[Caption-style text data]
=-=-=

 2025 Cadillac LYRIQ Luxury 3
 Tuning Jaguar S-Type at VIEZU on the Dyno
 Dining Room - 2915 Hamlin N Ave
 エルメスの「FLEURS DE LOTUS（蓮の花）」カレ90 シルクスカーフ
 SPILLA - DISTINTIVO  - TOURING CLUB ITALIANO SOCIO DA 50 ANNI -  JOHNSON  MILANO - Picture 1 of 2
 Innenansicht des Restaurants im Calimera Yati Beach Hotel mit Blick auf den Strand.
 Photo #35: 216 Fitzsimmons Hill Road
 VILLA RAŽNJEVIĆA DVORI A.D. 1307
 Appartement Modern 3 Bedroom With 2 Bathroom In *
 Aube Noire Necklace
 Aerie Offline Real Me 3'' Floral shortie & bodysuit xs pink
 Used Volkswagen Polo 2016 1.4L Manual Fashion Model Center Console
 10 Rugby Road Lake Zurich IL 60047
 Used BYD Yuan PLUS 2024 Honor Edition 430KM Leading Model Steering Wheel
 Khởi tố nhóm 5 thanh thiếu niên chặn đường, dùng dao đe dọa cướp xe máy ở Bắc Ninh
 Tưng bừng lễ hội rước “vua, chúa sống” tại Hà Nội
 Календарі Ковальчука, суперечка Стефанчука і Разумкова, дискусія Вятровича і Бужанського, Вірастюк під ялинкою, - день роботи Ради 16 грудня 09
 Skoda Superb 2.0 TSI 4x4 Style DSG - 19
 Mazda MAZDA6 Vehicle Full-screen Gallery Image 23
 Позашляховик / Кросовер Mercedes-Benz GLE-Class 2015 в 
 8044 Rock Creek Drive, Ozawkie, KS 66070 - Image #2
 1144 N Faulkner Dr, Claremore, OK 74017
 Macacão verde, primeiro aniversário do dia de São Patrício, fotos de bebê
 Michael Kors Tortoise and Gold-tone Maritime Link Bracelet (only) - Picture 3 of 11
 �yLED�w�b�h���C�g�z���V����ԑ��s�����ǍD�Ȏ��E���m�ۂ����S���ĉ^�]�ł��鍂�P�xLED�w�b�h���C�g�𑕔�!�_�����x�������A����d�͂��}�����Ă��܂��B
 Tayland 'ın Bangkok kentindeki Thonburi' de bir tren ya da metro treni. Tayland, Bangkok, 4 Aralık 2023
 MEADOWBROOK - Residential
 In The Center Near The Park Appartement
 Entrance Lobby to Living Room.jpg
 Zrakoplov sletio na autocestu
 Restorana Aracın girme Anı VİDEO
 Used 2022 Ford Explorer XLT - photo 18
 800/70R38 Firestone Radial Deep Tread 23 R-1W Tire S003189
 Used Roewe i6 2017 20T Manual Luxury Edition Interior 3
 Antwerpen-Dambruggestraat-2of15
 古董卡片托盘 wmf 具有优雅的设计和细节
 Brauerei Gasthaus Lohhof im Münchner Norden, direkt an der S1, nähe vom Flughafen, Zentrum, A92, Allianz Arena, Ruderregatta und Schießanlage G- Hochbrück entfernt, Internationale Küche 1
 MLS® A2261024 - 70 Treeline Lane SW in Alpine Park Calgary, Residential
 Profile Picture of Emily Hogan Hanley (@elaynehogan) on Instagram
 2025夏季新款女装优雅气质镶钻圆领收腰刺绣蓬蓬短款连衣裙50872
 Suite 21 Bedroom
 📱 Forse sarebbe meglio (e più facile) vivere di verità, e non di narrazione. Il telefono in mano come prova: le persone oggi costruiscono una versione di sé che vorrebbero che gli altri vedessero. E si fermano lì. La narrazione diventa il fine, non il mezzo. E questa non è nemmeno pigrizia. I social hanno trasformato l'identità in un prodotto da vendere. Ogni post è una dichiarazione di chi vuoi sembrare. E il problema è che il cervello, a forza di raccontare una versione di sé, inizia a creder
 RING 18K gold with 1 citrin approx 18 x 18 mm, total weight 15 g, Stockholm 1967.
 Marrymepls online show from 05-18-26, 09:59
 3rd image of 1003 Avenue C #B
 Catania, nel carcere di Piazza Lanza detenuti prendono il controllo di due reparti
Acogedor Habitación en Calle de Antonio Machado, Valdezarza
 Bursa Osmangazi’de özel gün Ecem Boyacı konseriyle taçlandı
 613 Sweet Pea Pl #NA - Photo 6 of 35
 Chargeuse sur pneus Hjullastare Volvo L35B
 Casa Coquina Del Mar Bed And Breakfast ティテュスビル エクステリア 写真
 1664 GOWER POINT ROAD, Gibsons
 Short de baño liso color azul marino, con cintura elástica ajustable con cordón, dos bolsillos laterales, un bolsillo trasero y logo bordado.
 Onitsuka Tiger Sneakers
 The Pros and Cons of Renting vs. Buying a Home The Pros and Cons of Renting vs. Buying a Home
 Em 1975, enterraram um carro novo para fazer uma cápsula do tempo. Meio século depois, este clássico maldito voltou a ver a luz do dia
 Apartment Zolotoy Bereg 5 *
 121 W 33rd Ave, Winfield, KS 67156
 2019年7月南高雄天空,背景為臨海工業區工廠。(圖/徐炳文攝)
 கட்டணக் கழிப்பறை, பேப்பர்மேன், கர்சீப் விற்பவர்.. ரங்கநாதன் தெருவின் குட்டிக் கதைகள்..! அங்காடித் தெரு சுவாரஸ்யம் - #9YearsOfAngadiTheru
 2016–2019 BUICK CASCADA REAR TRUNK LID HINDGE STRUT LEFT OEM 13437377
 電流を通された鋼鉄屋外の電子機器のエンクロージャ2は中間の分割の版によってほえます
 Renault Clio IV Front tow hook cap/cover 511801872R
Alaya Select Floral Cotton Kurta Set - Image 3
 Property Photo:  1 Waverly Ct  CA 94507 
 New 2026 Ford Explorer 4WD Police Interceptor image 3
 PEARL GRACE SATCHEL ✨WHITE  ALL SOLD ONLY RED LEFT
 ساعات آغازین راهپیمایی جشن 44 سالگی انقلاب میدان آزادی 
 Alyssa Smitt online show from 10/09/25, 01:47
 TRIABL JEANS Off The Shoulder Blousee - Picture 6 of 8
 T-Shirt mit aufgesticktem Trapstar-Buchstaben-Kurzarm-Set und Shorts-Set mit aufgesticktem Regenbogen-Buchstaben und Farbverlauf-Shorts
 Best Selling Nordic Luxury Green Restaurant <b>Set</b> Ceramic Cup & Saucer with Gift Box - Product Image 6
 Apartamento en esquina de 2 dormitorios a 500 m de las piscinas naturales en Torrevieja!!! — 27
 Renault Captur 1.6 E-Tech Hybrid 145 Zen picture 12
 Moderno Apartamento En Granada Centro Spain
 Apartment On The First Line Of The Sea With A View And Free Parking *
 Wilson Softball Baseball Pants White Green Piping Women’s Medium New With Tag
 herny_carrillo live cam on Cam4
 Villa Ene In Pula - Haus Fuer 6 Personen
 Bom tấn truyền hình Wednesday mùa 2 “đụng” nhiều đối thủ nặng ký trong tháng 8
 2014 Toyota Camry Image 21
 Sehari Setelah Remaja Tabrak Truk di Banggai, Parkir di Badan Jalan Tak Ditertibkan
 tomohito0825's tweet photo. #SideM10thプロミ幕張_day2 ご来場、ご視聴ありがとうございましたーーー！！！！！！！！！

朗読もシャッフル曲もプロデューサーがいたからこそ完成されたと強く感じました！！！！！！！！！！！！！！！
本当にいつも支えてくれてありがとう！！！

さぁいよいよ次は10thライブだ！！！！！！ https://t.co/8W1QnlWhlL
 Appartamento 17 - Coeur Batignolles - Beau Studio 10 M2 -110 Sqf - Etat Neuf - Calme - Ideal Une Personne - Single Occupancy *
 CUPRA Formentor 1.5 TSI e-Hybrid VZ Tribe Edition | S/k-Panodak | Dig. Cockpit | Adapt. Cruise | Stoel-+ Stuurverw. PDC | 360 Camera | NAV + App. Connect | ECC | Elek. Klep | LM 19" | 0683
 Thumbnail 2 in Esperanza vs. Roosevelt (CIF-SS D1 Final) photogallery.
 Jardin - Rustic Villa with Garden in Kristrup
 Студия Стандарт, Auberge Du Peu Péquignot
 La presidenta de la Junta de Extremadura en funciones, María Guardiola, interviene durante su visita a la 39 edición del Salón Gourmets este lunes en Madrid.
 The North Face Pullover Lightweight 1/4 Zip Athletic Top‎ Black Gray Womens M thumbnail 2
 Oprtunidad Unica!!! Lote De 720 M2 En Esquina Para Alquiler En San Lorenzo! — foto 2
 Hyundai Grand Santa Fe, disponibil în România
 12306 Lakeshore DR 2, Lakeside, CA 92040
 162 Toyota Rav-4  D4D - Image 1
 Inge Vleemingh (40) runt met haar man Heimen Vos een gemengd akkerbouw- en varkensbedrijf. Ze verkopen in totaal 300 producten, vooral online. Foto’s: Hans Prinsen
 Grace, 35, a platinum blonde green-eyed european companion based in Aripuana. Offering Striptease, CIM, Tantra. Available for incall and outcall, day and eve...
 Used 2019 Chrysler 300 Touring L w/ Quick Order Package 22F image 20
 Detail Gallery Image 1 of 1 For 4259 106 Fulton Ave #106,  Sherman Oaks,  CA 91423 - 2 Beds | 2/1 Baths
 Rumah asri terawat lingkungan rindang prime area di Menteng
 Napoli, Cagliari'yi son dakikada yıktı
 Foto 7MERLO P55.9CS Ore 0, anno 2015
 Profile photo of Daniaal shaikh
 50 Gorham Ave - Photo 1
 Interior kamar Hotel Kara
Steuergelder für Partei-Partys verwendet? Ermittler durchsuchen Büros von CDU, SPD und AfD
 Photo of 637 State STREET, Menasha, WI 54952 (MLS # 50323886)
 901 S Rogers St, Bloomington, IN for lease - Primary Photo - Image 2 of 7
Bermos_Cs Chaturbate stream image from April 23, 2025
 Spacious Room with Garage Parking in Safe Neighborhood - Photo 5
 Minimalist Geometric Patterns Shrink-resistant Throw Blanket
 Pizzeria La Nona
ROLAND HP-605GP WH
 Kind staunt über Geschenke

=-=-=

Starting at the line above that contains "Tuning Jaguar S-Type at VIEZU on the Dyno", repeat each line exactly up to and including the line that contains "Mazda MAZDA6 Vehicle", and stop there.

### Output of the task
 Tuning Jaguar S-Type at VIEZU on the Dyno
 Dining Room - 2915 Hamlin N Ave
 エルメスの「FLEURS DE LOTUS（蓮の花）」カレ90 シルクスカーフ
 SPILLA - DISTINTIVO  - TOURING CLUB ITALIANO SOCIO DA 50 ANNI -  JOHNSON  MILANO - Picture 1 of 2
 Innenansicht des Restaurants im Calimera Yati Beach Hotel mit Blick auf den Strand.
 Photo #35: 216 Fitzsimmons Hill Road
 VILLA RAŽNJEVIĆA DVORI A.D. 1307
 Appartement Modern 3 Bedroom With 2 Bathroom In *
 Aube Noire Necklace
 Aerie Offline Real Me 3'' Floral shortie & bodysuit xs pink
 Used Volkswagen Polo 2016 1.4L Manual Fashion Model Center Console
 10 Rugby Road Lake Zurich IL 60047
 Used BYD Yuan PLUS 2024 Honor Edition 430KM Leading Model Steering Wheel
 Khởi tố nhóm 5 thanh thiếu niên chặn đường, dùng dao đe dọa cướp xe máy ở Bắc Ninh
 Tưng bừng lễ hội rước “vua, chúa sống” tại Hà Nội
 Календарі Ковальчука, суперечка Стефанчука і Разумкова, дискусія Вятровича і Бужанського, Вірастюк під ялинкою, - день роботи Ради 16 грудня 09
 Skoda Superb 2.0 TSI 4x4 Style DSG - 19
 Mazda MAZDA6 Vehicle Full-screen Gallery Image 23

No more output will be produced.